Hi team,
(Elasticsearch 7.5)
My scenario is to add a new custom Analyzer to an existing Index. Analyzer definition may like below:
{
"analyzer": {
"ngram_analyzer": {
"type": "custom",
"tokenizer": "standard",
"filter": [
"word_delimiter_graph",
"lowercase",
"test_ngram_filter_2_10"
]
}
}
}
The common solutions are either close/reopen index or reindex data to new index. But my concern is the downtime when index closed or the large volume data to be reindexed (and potential data inconsistency problem).
So I'm trying to probing whether have alternative options to add new analyzers.
If look into the way using AnalysisPlugin to add a new analyzer, it only requires all ES nodes restarted and then this new analyzer can be referenced in existing index, but no need to close the index or reindex.
So my understandings are:
- no matter restart ES node (for AnalysisPlugin way) or close/open index (for custom Analyzer in IndexSetting), the key action behind is to initialize the corresponding IndexService instances, which will populate all supported Analyzers from latest plugins and Index settings, and re-initialize underlying mapperService and lucene engine to use those Analyzers.
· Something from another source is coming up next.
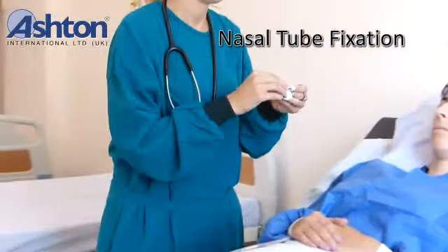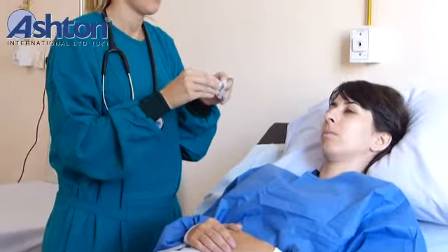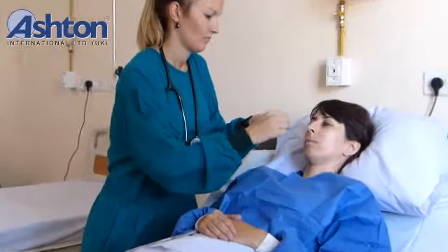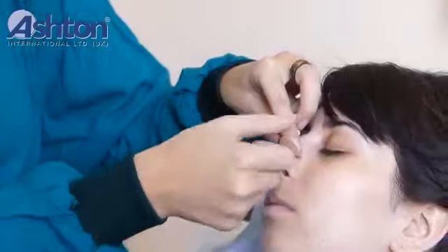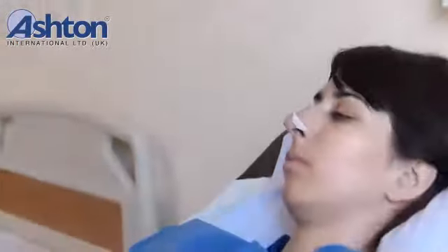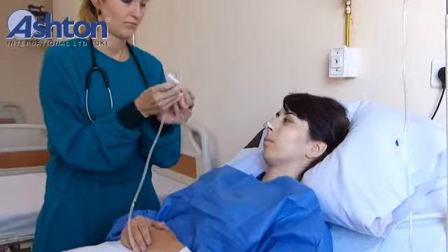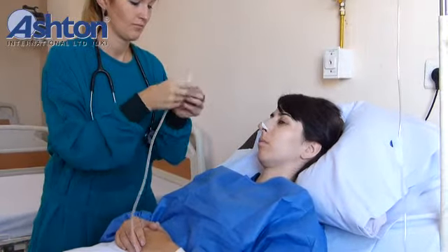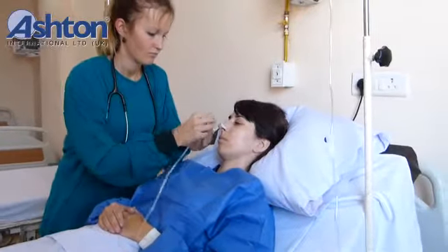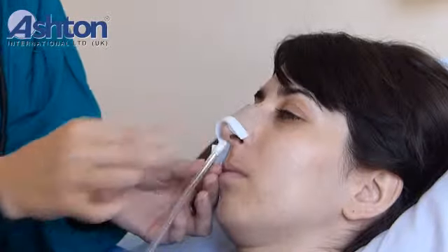Nasal tube fixation. Peel off the device from the liner. And simply fix it with convenience.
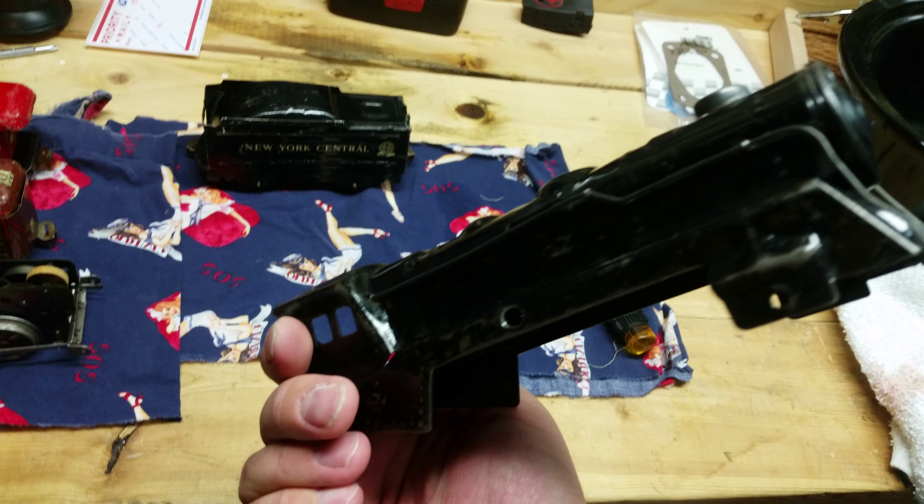All the little couplers are still here on all the cars. We've got a little Union Pacific cattle car with the sliding doors, and you can see the paint and the lettering — I don't know if it was a decal or whatever they used, but it's still all pretty much there.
- when restarting nodes one-by-one to apply new AnalysisPlugin, it is possible that supported analyzers are not the same across all shards (restarted nodes will have new analyzers in plugin but old ones won't have). But it is ok if we don't use these new analyzers until the whole cluster is restarted.
Could you confirm whether above understandings are correct?
If yes, I'm thinking below 2 potential solutions:
-
we write a AnalysisPlugin to parse Analysis json payload from certain config and generate analyzers/tokenizers/etc. When need to add new custom analyzers, just need to update the config and restart ES cluster, no need to rebuild the AnalysisPlugin.
Since ES nodes are restarted one-by-one, no downtime.
Cons: 1) need wait for all ES nodes restarted to use the new analyzer 2) it is per-cluster not per-index analyzers. (need to avoid analyzer naming conflict in cluster) -
Write a plugin to leverage the pluginService.onIndexModule to add new analyzer definition to Index setting before IndexModule start to populate all Analyzers from Index setting.
Pros is it will leverage same parsing logic in ES to populate Analyzers from Analysis settings and it can somehow achieve per-index analyzer in that plugin logic.
Still it need 2 step rollout: first install this plugin to all nodes and then add new field with this new analyzers to Index mapper.
Does these options work or I still miss something?
Appreciate for any suggestions/comments!
Best Regards